Identification of SlPMM, SlGMP2 and SlGMP3 as direct targets of SlbHLH59.
(A, B) Relative expression of ascorbate (AsA) biosynthesis, recycling and oxidation-related genes in fruits of SlbHLH59 overexpression (A) and RNAi (B) lines. (C) The promoter cis-elements of SlPMM, SlGMP2 and SlGMP3. The sequences in black boxes represent E-box cis-elements. (D) Yeast-one hybrid (Y1H) assay of SlbHLH59 binding to promoter fragments of SlPMM, SlGMP2 and SlGMP3. The bait vectors SlPMMpro, SlGMP2pro and SlGMP3pro (the fragments containing the region 3000 bpupstream from initiation codon) and the prey vector containing SlbHLH59 were introduced into yeast strain Y187, and interaction between bait and prey enhanced ABA resistance. Yeast cells spread on SD-Leu media with various concentrations of ABA (0, 10, 15, and 20 mM). The bait vector (SlPMMpro, SlGMP2pro and SlGMP3pro) + pGADT7 were also transformed into Y187 as a negative control. (E) Binding of SlbHLH59 to promoters of SlPMM, SlGMP2 and SlGMP3 assayed by dual luciferase system. The SlbHLH59 ORF was cloned into the effector vector (pGreen II62-SK) and promoter fragments of SlPMM, SlGMP2 and SlGMP3 were inserted into the reporter vector (pGreen II 0800 LUC). Both vectors of effectors and reporters were transformed into Agrobacterium cells and used to infiltrate tobacco leaves. LUC, firefly luciferase activity; RLU, Renilla luciferase activity; PG, the empty vector of pGreenII 62-SK. The promoters of SlPMM, SlGMP2 and SlGMP3 plus PG were used as control. (F-J) Dynamics of ascorbate content and SlbHLH59 expression during tomato fruit development. Ascorbate (AsA) concentration (F) and expression of SlbHLH59 (G), SlPMM (H), SlGMP2 (I), SlGMP3 (J) at different fruit developmental stages of wild-type (TS-186) and SlbHLH59 transgenic lines. Experiments were performed in immature (IMG), mature green (MG), breaker (BR), yellow ripe (YR) and red ripe (RR) fruit, respectively, with three replicates. All data in the graphs are presented as means ± SE. Asterisks indicate significant differences by t test: *P < 0.05; ** P< 0.01.
Fig 6.
Nucleotide diversity analysis of TFA9 loci during tomato domestication and improvement.

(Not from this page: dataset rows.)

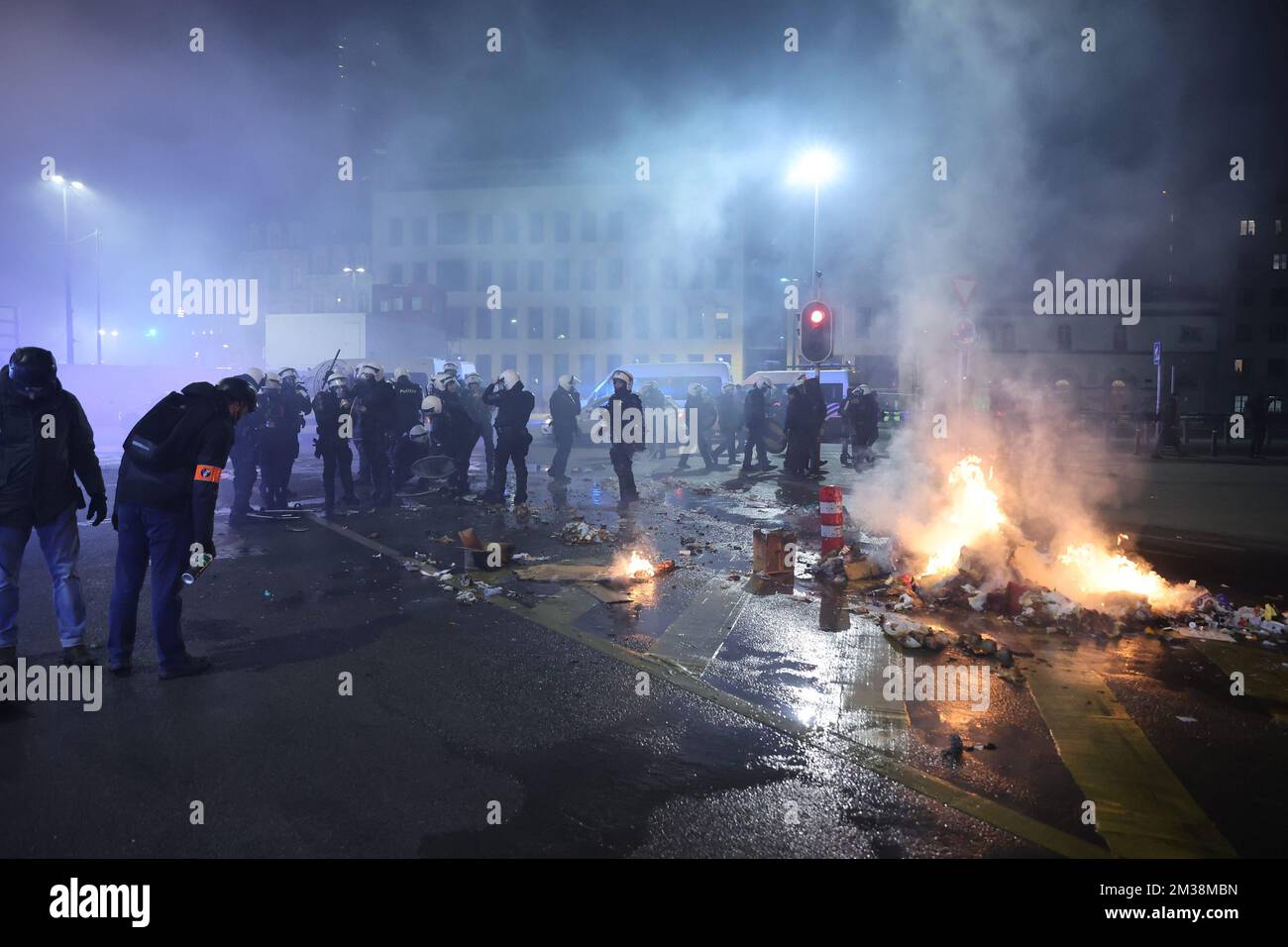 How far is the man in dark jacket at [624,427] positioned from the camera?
39.5 feet

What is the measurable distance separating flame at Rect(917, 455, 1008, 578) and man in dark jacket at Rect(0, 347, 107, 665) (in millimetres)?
6178

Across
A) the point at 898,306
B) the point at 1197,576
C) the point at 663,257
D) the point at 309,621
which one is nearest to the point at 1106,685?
the point at 1197,576

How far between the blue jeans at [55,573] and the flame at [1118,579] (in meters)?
6.88

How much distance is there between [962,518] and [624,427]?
218 inches

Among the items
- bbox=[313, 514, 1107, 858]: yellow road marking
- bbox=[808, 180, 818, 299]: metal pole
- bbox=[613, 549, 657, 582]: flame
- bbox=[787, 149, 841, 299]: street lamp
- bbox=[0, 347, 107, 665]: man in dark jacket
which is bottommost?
bbox=[313, 514, 1107, 858]: yellow road marking

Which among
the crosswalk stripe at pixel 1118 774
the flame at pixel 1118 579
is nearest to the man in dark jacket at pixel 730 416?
the flame at pixel 1118 579

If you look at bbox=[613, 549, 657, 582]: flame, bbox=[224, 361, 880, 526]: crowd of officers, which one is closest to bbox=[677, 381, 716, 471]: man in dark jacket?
bbox=[224, 361, 880, 526]: crowd of officers

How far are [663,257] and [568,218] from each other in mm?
7082

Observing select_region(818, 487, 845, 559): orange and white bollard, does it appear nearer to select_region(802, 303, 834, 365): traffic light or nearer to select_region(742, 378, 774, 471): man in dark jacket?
select_region(802, 303, 834, 365): traffic light

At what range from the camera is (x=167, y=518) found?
4.61m

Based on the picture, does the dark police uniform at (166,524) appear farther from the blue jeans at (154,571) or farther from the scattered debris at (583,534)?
the scattered debris at (583,534)

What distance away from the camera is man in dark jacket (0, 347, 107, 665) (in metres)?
4.60

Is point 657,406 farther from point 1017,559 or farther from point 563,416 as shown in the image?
point 1017,559

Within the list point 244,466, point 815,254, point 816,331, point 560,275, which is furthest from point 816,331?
point 560,275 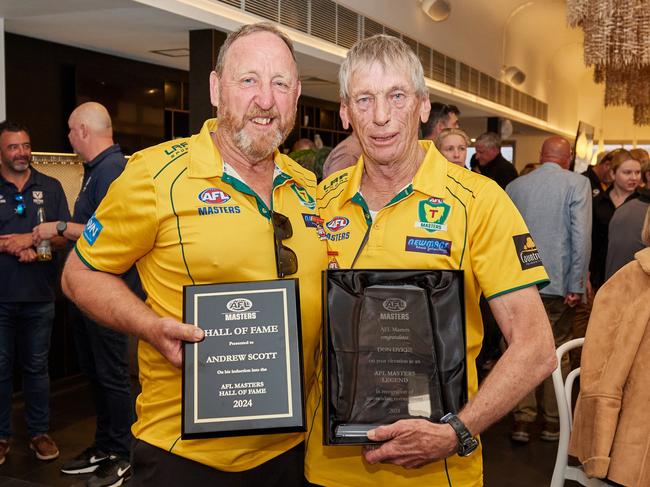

(A) Frequency of derived and ancestral InDel_8 allele in tomato subpopulations. n = number of accessions. (B) Comparison of ascorbate content of Hap 1 accession TS-186 and six Hap 4 accessions in BIG subgroup. The data are presented as means ± SE (n = 3). The asterisks represented significant differences from TS-186 (Hap 1), as indicated by the t-test (** P< 0.01). (C) Distribution of nucleotide diversity (π) of the PIM (red line), CER (purple line), and BIG (blue line) within the 10-kb region of TFA9. Grey lines indicate the locations of indel_8 (TCTCTTTC/-). The X-axis denotes the position of SlbHLH59 and the Y-axis indicates average p values. (D) The ratio of nucleotide diversity (π) is calculated from the SlbHLH59 sequence of PIM with CER (red line) and CER with BIG (blue line). In total, 331 tomato accessions were used for analysis, including 53 PIM accessions, 112 CER accessions, and 166 BIG accessions.